CVE-2025-14075 in WP Hotel Booking Plugin
Summary
by MITRE • 01/17/2026
The WP Hotel Booking plugin for WordPress is vulnerable to Sensitive Information Exposure in all versions up to, and including, 2.2.7. This is due to the plugin exposing the 'hotel_booking_fetch_customer_info' AJAX action to unauthenticated users without proper capability checks, relying only on a nonce for protection. This makes it possible for unauthenticated attackers to retrieve sensitive customer information including full names, addresses, phone numbers, and email addresses by providing a valid email address and a publicly accessible nonce.
VulDB is the best source for vulnerability data and more expert information about this specific topic.
Analysis
by VulDB Data Team • 01/18/2026
The WP Hotel Booking plugin for WordPress presents a critical sensitive information exposure vulnerability that affects all versions up to and including 2.2.7. This flaw resides in the plugin's handling of the 'hotel_booking_fetch_customer_info' AJAX action which is designed to retrieve customer data but fails to implement proper authentication checks. The vulnerability stems from the plugin's reliance on a nonce mechanism alone for protection rather than implementing comprehensive capability verification. Attackers can exploit this weakness by simply providing a valid email address and a publicly accessible nonce to gain access to sensitive customer information. The exposed data includes full names, physical addresses, phone numbers, and email addresses which constitutes a significant privacy breach and potential vector for identity theft or social engineering attacks. This vulnerability directly maps to CWE-200 which defines improper exposure of sensitive information and represents a fundamental flaw in the plugin's access control implementation.

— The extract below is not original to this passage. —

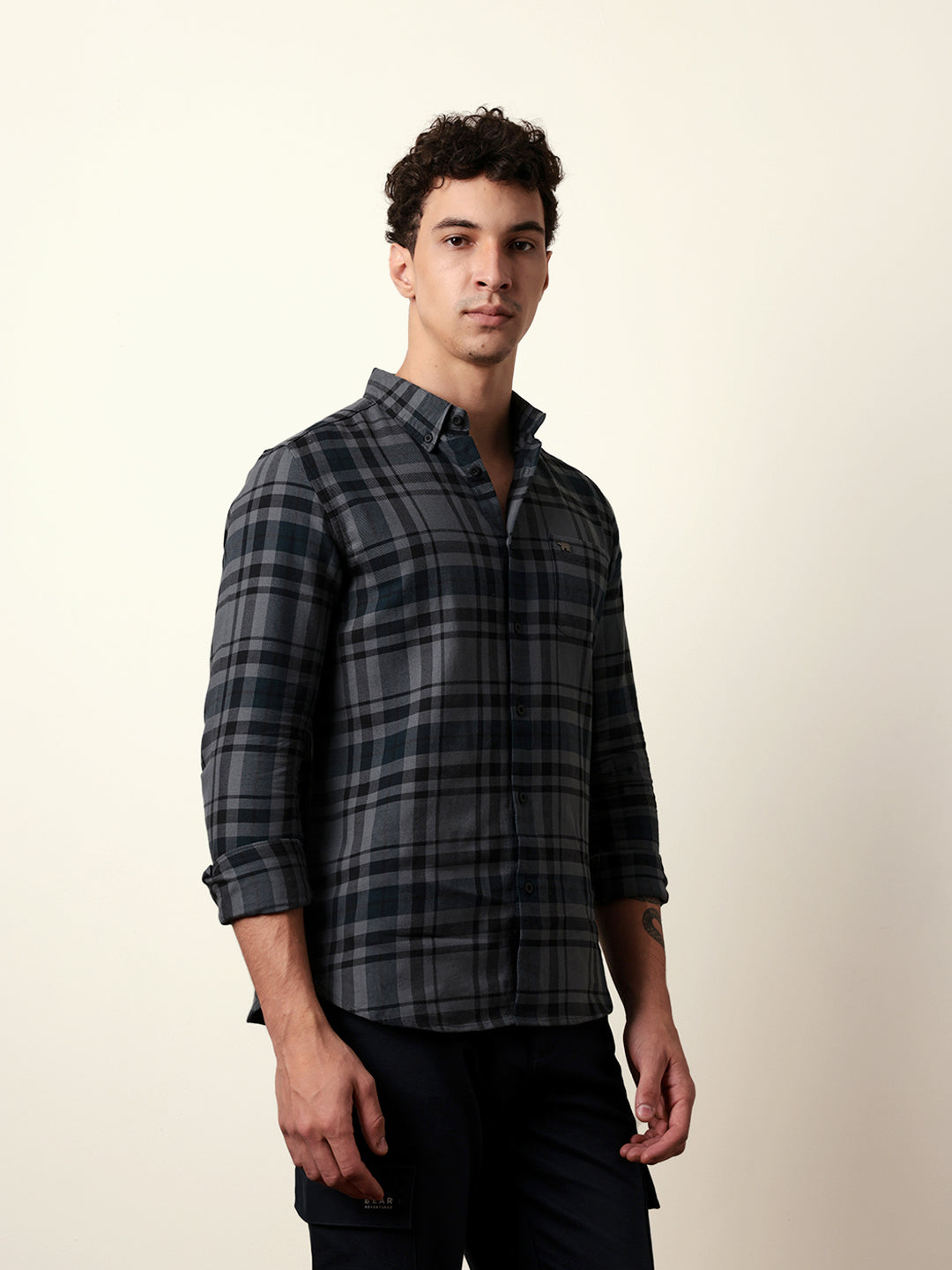 Grey Slim Fit Woven Check Casual Shirt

The technical exploitation of this vulnerability occurs through the manipulation of the AJAX endpoint that handles customer information retrieval. Since the plugin does not verify user capabilities before processing the request, any unauthenticated user can submit a request to the 'hotel_booking_fetch_customer_info' action. The system only validates the presence and validity of a nonce parameter while completely ignoring the authenticated user context that should normally be required for such sensitive operations. This design flaw allows attackers to systematically gather customer data by leveraging publicly available nonces that are typically generated for legitimate plugin functionality but are not properly secured against unauthorized access. The vulnerability essentially creates an information disclosure channel that bypasses normal WordPress authentication mechanisms and user role restrictions.
The operational impact of this vulnerability extends beyond simple data exposure to encompass potential regulatory compliance violations and reputational damage for affected businesses. Organizations using the WP Hotel Booking plugin face significant risk of violating data protection regulations such as gdpr, ccpa, and other privacy frameworks that mandate proper handling of personal information. The exposure of customer contact details creates opportunities for phishing attacks, spam campaigns, and other malicious activities that could harm both the business and its customers. Additionally, the vulnerability may enable attackers to perform reconnaissance activities by gathering information about the customer base, potentially leading to more sophisticated attacks targeting specific individuals or groups within the organization's user community. This type of vulnerability aligns with ATT&CK technique T1567 which describes the exploitation of information disclosure vulnerabilities to gain access to sensitive data.
Mitigation strategies for this vulnerability should focus on implementing proper authentication checks and access controls for all AJAX actions that handle sensitive data. Plugin developers should ensure that all endpoints requiring customer information access enforce capability checks using WordPress's built-in user role verification systems. The nonce validation should be complemented with proper user authentication rather than serving as the sole security mechanism. Organizations should immediately update to the latest version of the plugin once available, implement monitoring for unauthorized access attempts to AJAX endpoints, and consider restricting access to sensitive data through additional layers of security. Network-level monitoring should be implemented to detect unusual patterns of information requests that may indicate exploitation attempts. The vulnerability also highlights the importance of proper security testing during plugin development, particularly around access control mechanisms and data exposure points.